++++ Data to examine

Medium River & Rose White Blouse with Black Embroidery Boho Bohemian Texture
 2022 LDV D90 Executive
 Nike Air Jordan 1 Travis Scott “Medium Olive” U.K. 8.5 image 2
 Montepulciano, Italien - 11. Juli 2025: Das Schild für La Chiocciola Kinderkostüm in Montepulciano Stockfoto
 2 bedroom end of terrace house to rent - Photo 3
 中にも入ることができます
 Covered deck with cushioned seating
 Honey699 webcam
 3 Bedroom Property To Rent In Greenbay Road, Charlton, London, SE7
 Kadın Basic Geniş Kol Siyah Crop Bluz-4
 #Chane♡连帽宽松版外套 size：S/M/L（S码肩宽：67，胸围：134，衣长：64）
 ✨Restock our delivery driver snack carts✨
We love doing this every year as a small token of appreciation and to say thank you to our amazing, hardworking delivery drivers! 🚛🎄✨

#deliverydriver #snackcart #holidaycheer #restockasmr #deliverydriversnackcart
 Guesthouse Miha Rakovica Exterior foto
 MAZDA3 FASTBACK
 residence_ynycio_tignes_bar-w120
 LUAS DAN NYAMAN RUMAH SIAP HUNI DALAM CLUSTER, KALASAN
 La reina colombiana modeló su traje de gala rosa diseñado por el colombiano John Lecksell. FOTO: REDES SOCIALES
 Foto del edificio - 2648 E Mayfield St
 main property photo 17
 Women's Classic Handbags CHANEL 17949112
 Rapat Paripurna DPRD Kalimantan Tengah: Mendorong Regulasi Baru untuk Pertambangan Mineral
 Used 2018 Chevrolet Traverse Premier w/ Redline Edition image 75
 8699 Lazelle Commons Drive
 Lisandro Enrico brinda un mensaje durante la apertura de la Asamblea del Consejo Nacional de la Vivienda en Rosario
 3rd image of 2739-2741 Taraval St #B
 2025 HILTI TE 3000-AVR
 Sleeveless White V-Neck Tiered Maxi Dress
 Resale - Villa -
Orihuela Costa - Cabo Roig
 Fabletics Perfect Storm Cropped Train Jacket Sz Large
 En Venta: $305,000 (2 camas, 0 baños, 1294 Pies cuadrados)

++++++++

| Assigned task |
Beginning with the line containing "Rapat Paripurna DPRD" in the material above, copy every line exactly until you have copied the line containing "2025 HILTI TE 3000-AVR".

| Solved problem |
 Rapat Paripurna DPRD Kalimantan Tengah: Mendorong Regulasi Baru untuk Pertambangan Mineral
 Used 2018 Chevrolet Traverse Premier w/ Redline Edition image 75
 8699 Lazelle Commons Drive
 Lisandro Enrico brinda un mensaje durante la apertura de la Asamblea del Consejo Nacional de la Vivienda en Rosario
 3rd image of 2739-2741 Taraval St #B
 2025 HILTI TE 3000-AVR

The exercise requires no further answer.